• **What the task requires**: Output the data unchanged and complete, minus the images.

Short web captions
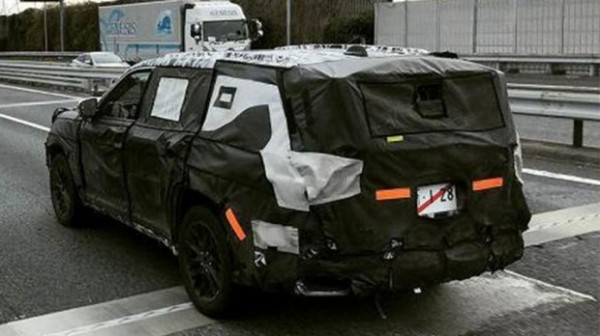 Свежие фото Toyota Land Cruiser 300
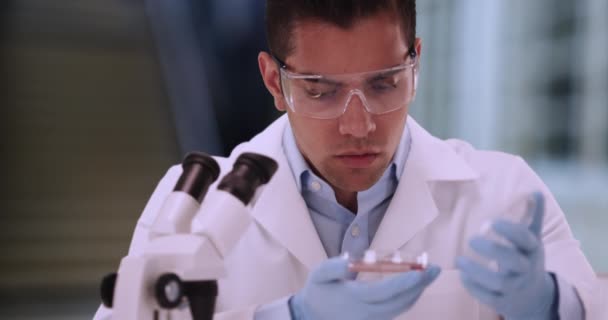 Tisíciletý Hispánský Vědec Dívá Vzorek Laboratoři Vážný Lékařský Výzkumník Bezpečnostních — Stock video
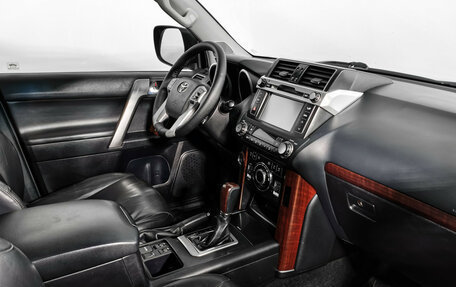 Toyota Land Cruiser Prado 150 рестайлинг 2, 2015 год, 2 990 000 рублей, 14 фотография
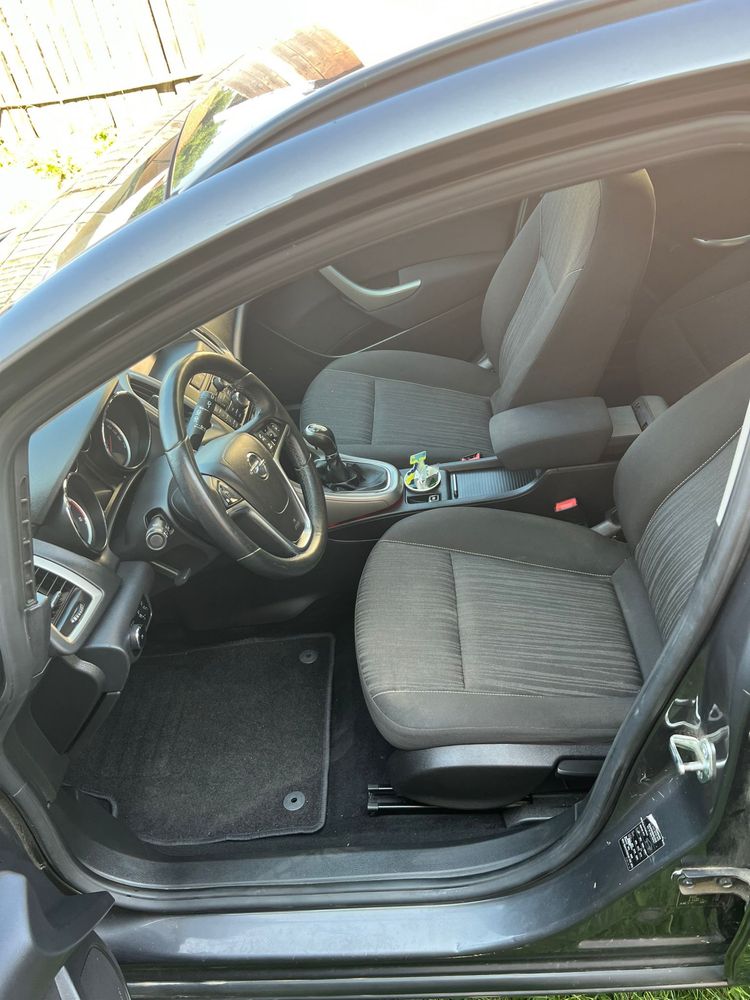 Vand opel astra 2012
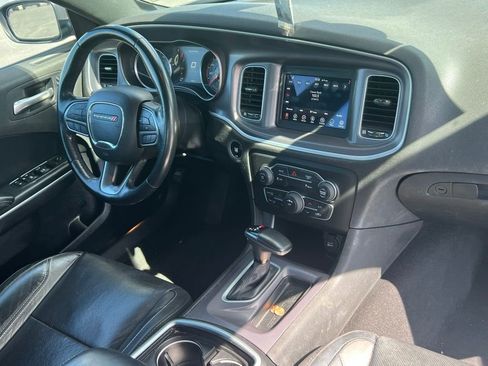 Used 2021 Dodge Charger SXT w/ Leather Interior Group image 19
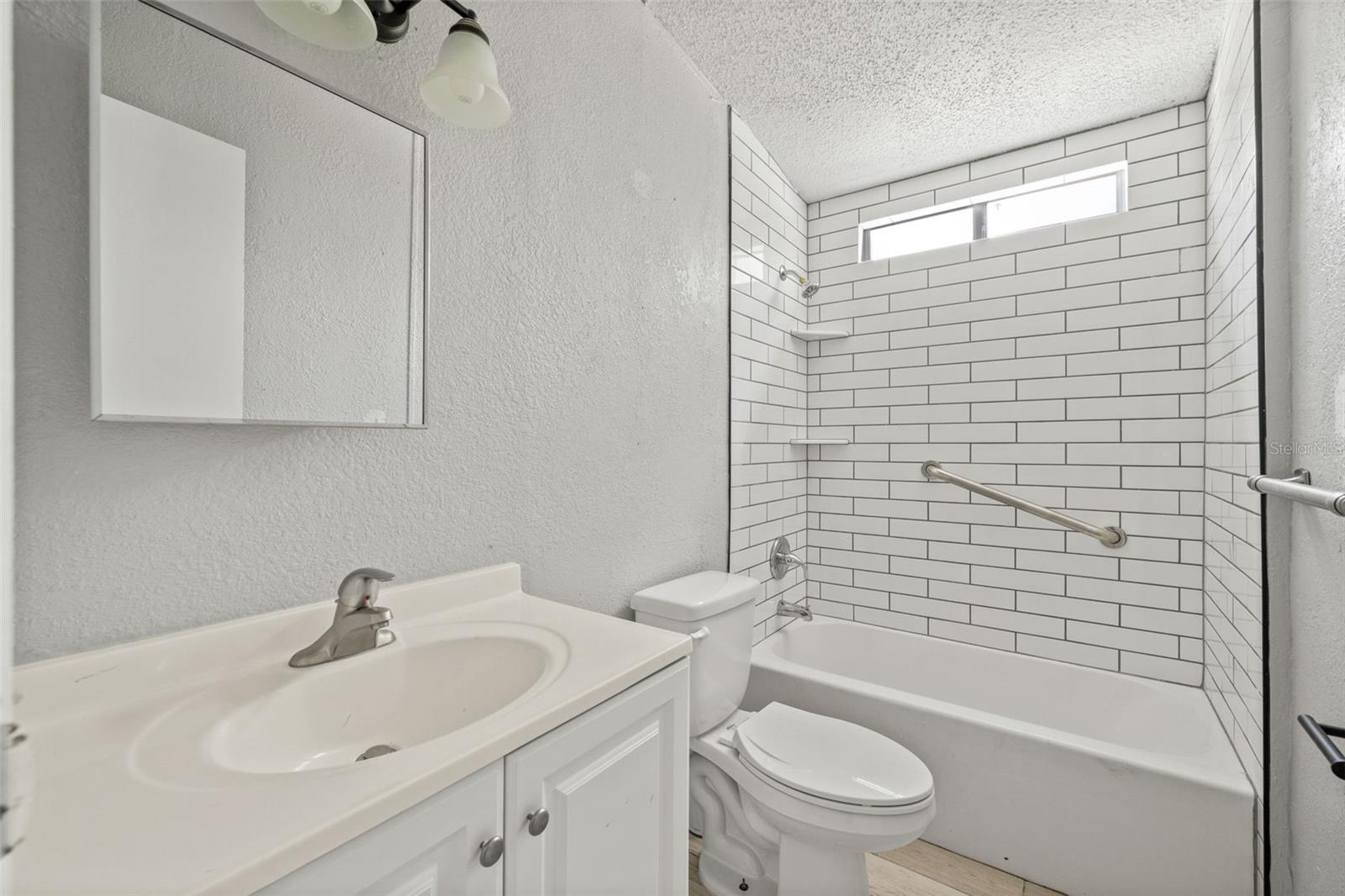 Image 25 of 45 For 9040 Grant Street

• **Task output**:
 Свежие фото Toyota Land Cruiser 300
 Tisíciletý Hispánský Vědec Dívá Vzorek Laboratoři Vážný Lékařský Výzkumník Bezpečnostních — Stock video
 Toyota Land Cruiser Prado 150 рестайлинг 2, 2015 год, 2 990 000 рублей, 14 фотография
 Vand opel astra 2012
 Used 2021 Dodge Charger SXT w/ Leather Interior Group image 19
 Image 25 of 45 For 9040 Grant Street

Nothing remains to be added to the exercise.